For example, genes in the ast and puu operons, which are required for arginine and proline metabolism, respectively, tended to be induced during adaptation in plant-supplemented environments (Table 2): the log2 [fold change] was higher at 3 h than at 1 h in both plants. Arginine succinyltransferase (AST) pathway comprises an ast operon that allows utilization of arginine as a nitrogen source in E. coli (Schneider et al., 1998). Genes in the puu operon encode enzymes required for degradation of putrescine, a major polyamine molecule involved in a variety of biological processes, including growth rate control (Tweeddale et al., 1998). The induction of genes involved in arginine and putrescine degradation during bacterial adaptation to plant tissues might be indicative of abundant nitrogen during early exposure, but the depletion of preferable nitrogen sources due to bacterial overgrowth in the medium at later time points. In a similar context, considering that canola sprouts are enriched in arginine and proline (Chung et al., 1989), the overproduction of AST enzymes in canola sprout-supplemented medium at 3 h might be a bacterial strategy to exploit plant arginine as an alternative nitrogen source. Bacteria utilize putrescine not only as a sole nitrogen source, but also as a signaling molecule in response to unfavorable conditions such as oxidative stress, which is a plausible stress in the context of contact with plant tissues (Schneider and Reitzer, 2012). Interestingly, arginine can be converted to putrescine, suggesting that the two pathways are closely related (Schneider et al., 2013).

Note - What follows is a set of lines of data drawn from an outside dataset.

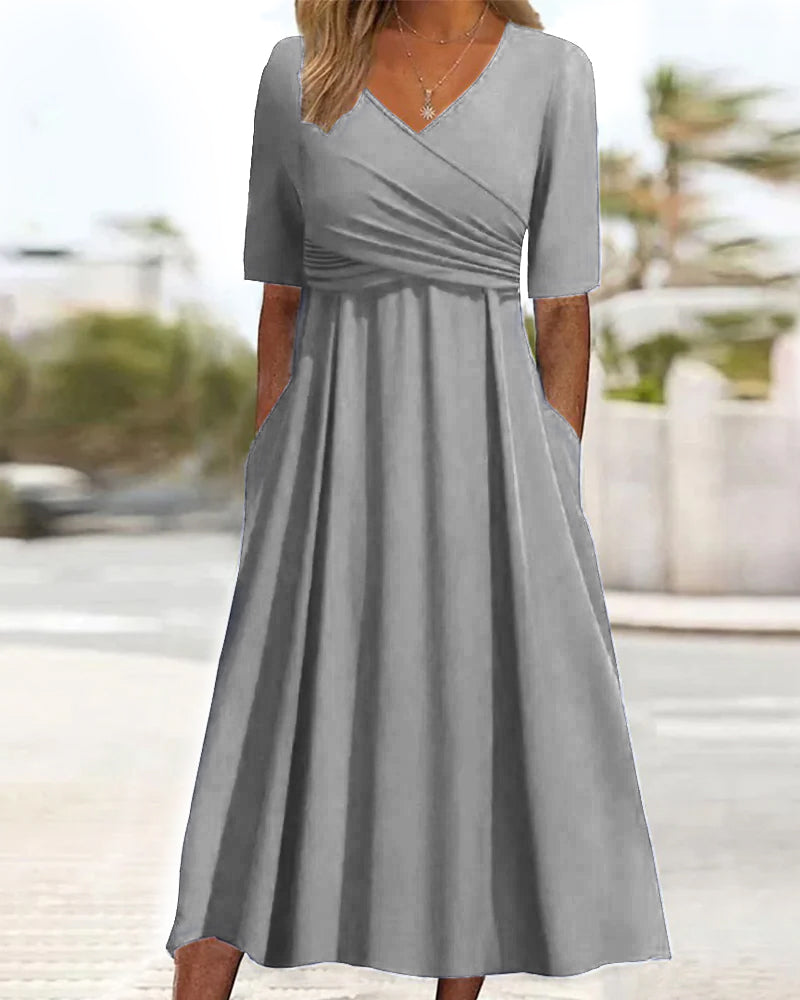 Variant image for Gekreuztes Kurzarmkleid für Damen mit V-Ausschnitt und A-Linie – Bequeme Baumwollmischung, Ideal für Alltag und Festlichkeiten-6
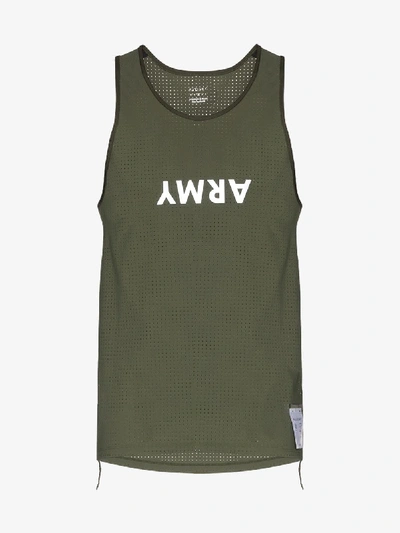 Shop Satisfy Army Print Perforated Vest In Green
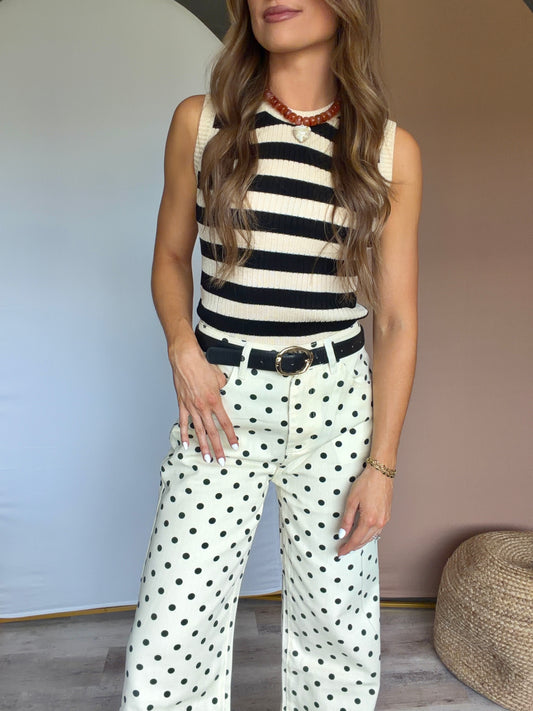 Beige Polka Dot Wide Leg Jeans
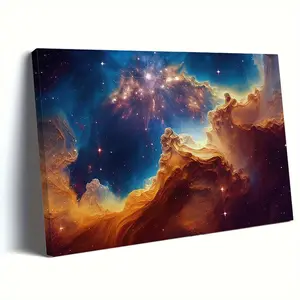 James Webb Telescope Cosmic Cliffs Canvas Art - Framed Modern Outer Space Wall Decor, Perfect Gift for Home & Bedroom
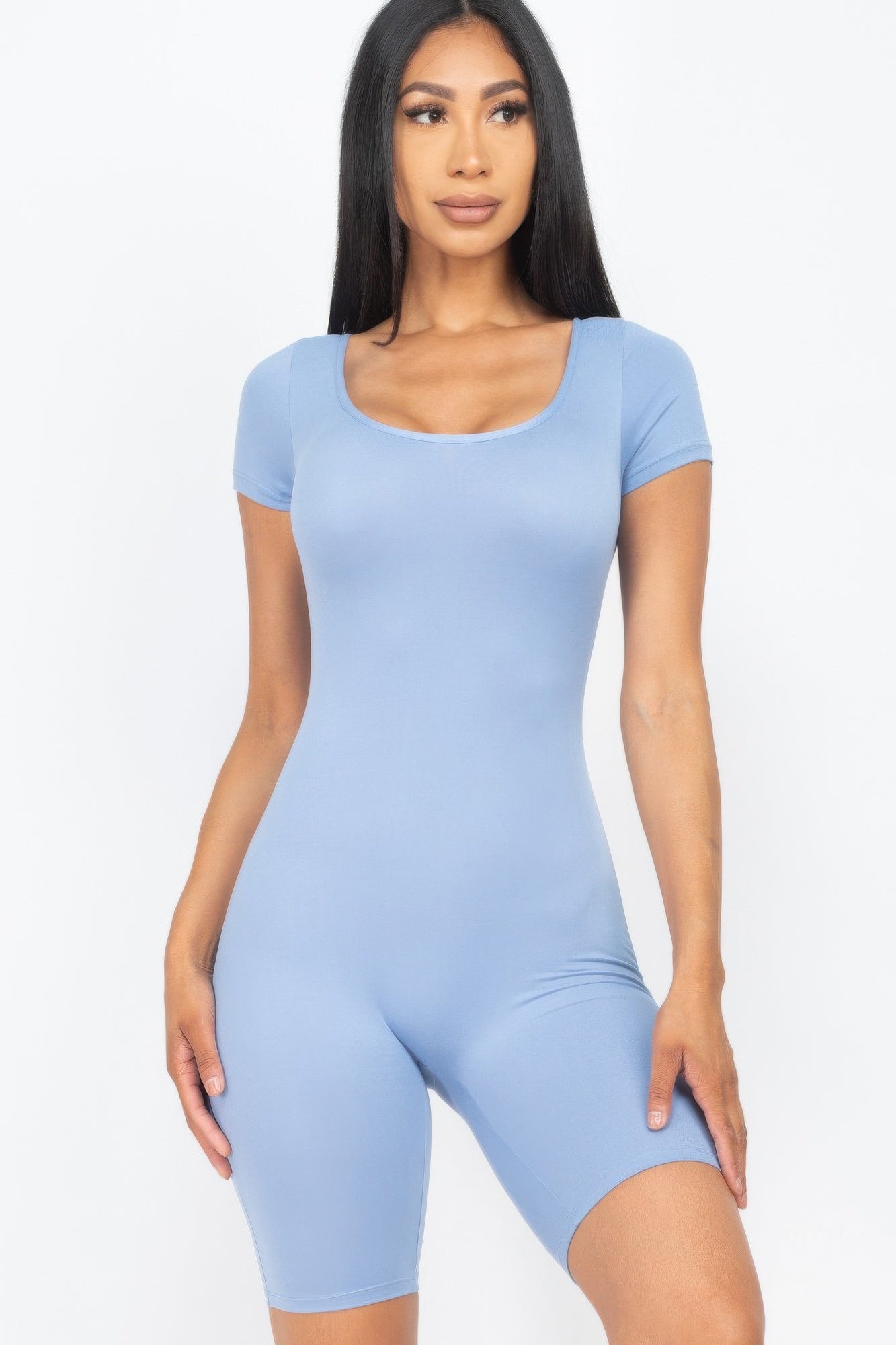 Short Sleeve Scoop Neck Bodycon Romper product image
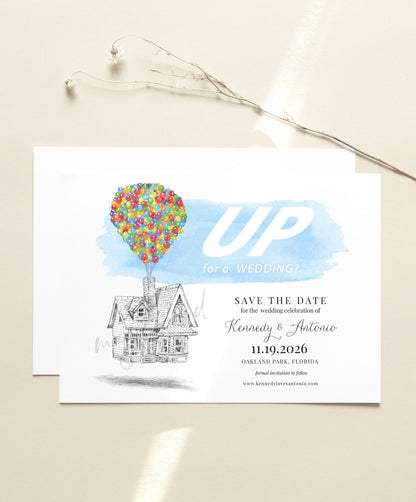 UP House Wedding Save the Date Card, STD, Save the Dates, Fairytale Save the Date Wedding, Disney Theme Wedding (set of 25 cards)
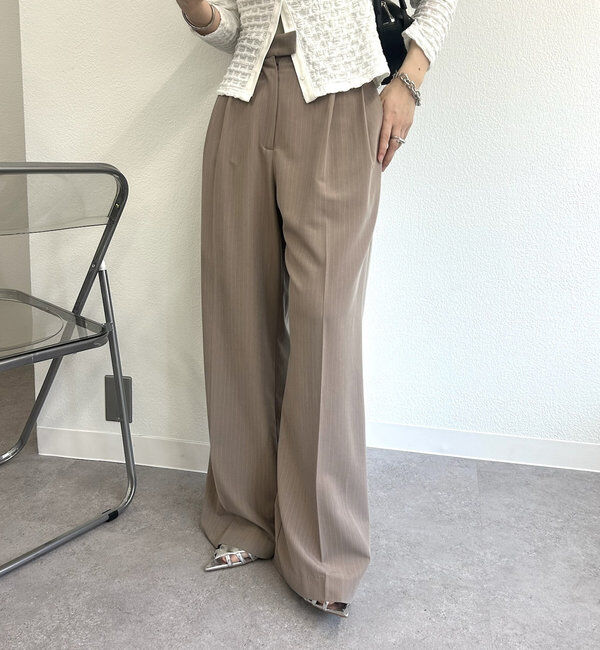  「ピンストライプタックワイドパンツ」|チノ|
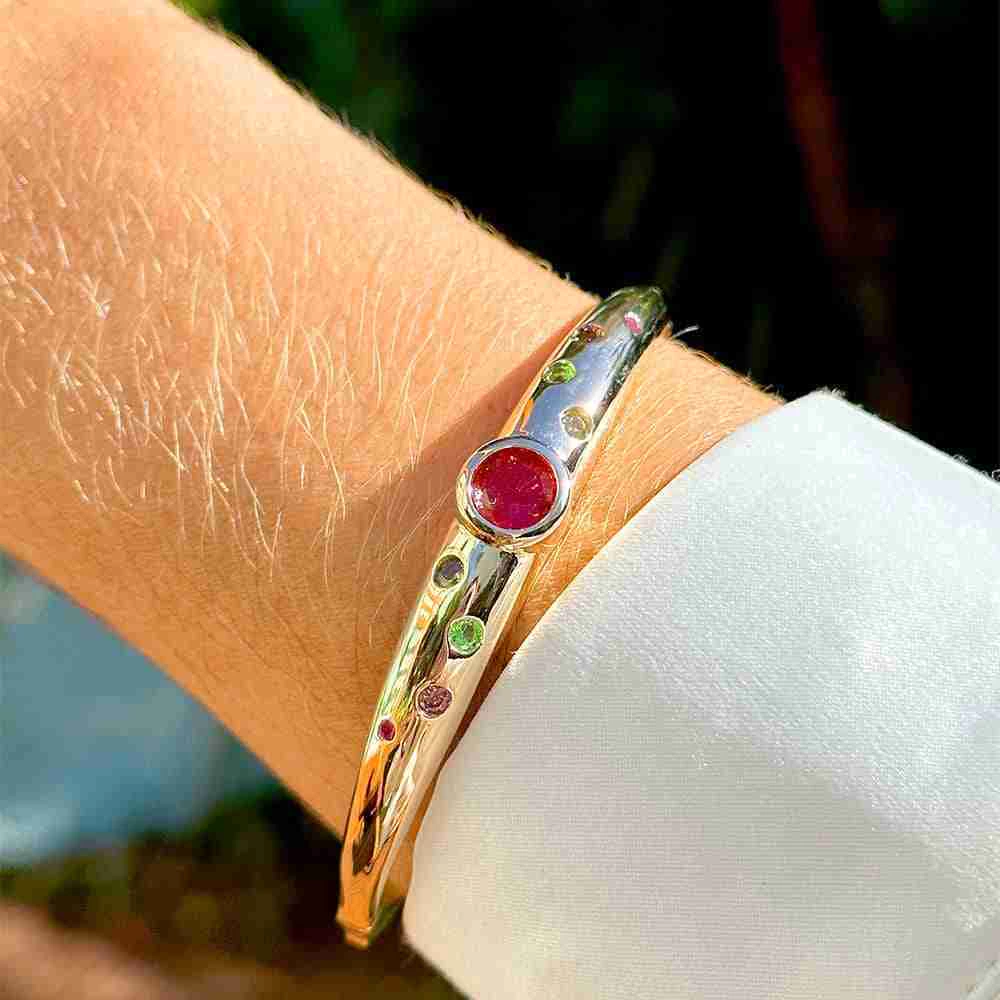 Bracelete cristal turmalina rosa nano gold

Bacteria colonizing plants are able to scavenge nitrate, a source of nitrogen in plants (Mantelin and Touraine, 2004), and utilize it as an alternative electron acceptor for energy generation (Bonnefoy and Demoss, 1994). E. coli produces two different membrane-bound respiratory nitrate reductases, nitrate reductase A (NRA) and nitrate reductase Z (NRZ), for dissimilative nitrate reduction (Bonnefoy and Demoss, 1994). Transcriptome analysis revealed that the expression of genes encoding NRA (narG and narK) and NRZ (narUZYWV) were both significantly altered during adaptation to a plant environment (Table 2); there was an increase in narGK expression at both time points, while narUZYWV expression decreased at 1 h but increased at 3 h. These results suggest that FORC_035 might operate an aerobic respiration system for shorter exposure times to plant material, but convert to anaerobic respiration for longer exposure times, using nitrate leaked from plant tissues as an electron acceptor.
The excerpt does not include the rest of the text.